EXERCISE INPUTS =
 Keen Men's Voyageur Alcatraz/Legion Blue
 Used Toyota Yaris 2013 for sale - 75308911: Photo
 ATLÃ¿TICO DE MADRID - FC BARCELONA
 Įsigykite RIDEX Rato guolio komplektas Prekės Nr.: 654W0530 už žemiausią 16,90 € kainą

==

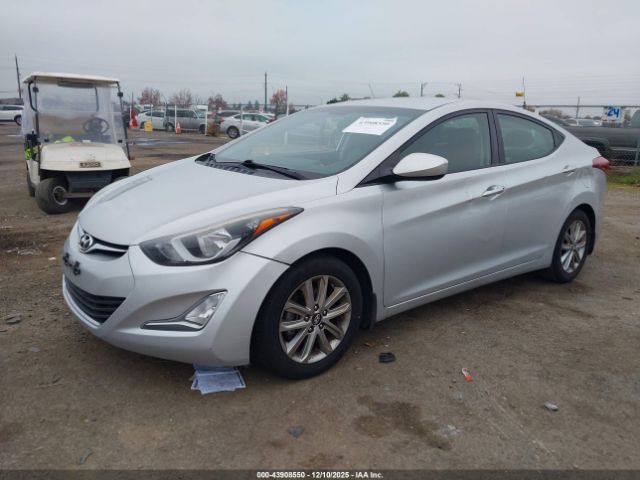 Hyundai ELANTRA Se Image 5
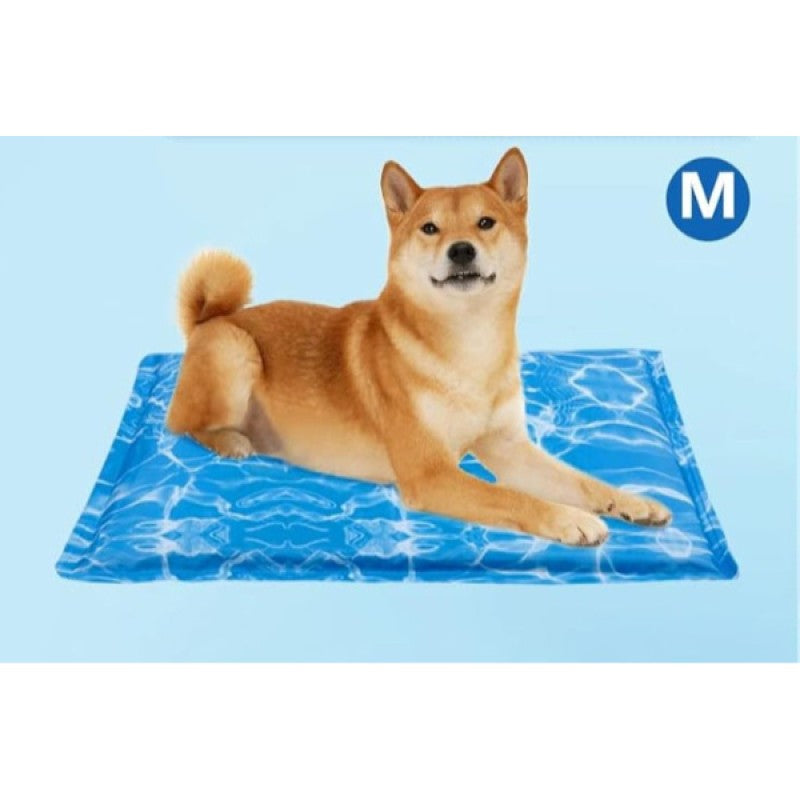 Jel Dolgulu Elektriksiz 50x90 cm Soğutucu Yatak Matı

* * *

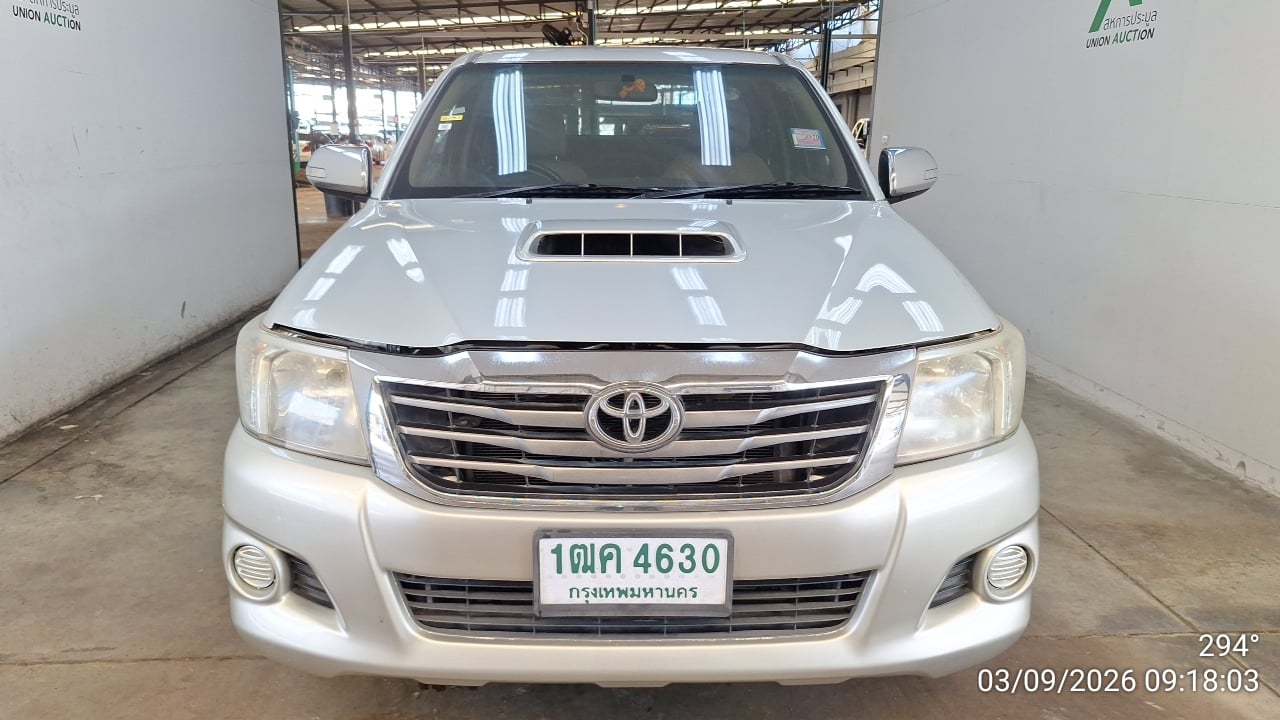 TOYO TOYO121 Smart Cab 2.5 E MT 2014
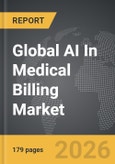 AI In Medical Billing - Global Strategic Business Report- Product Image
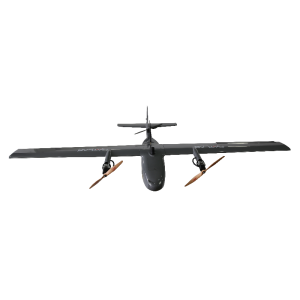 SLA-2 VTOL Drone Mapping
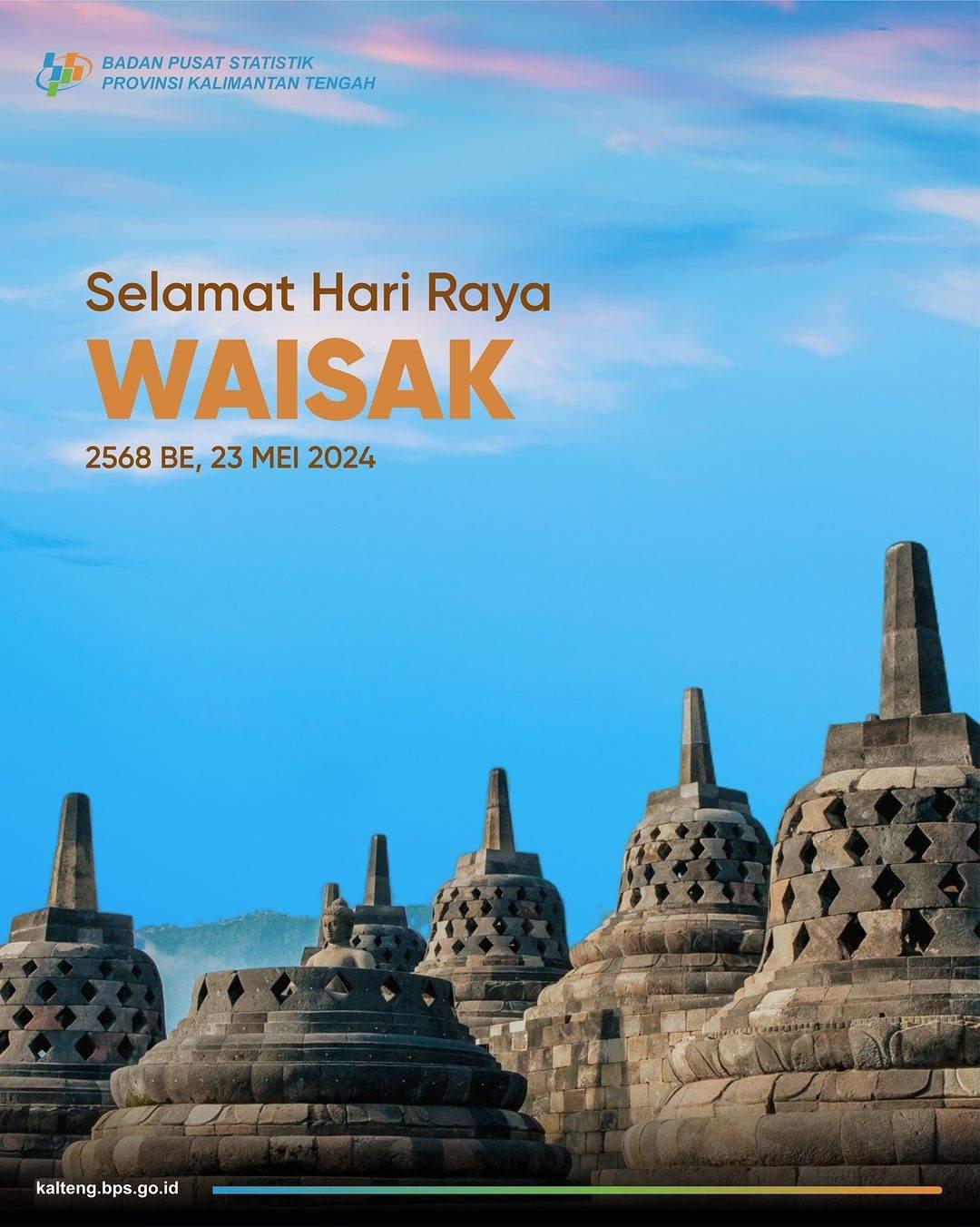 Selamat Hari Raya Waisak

WHAT NEEDS TO BE DONE = Produce a word-for-word copy of everything above from the line holding "ATLÃ¿TICO DE MADRID - FC BARCELONA" down to the line holding "Įsigykite RIDEX Rato", with both of those lines kept.

RESULT OF THE TASK =
 ATLÃ¿TICO DE MADRID - FC BARCELONA
 Įsigykite RIDEX Rato guolio komplektas Prekės Nr.: 654W0530 už žemiausią 16,90 € kainą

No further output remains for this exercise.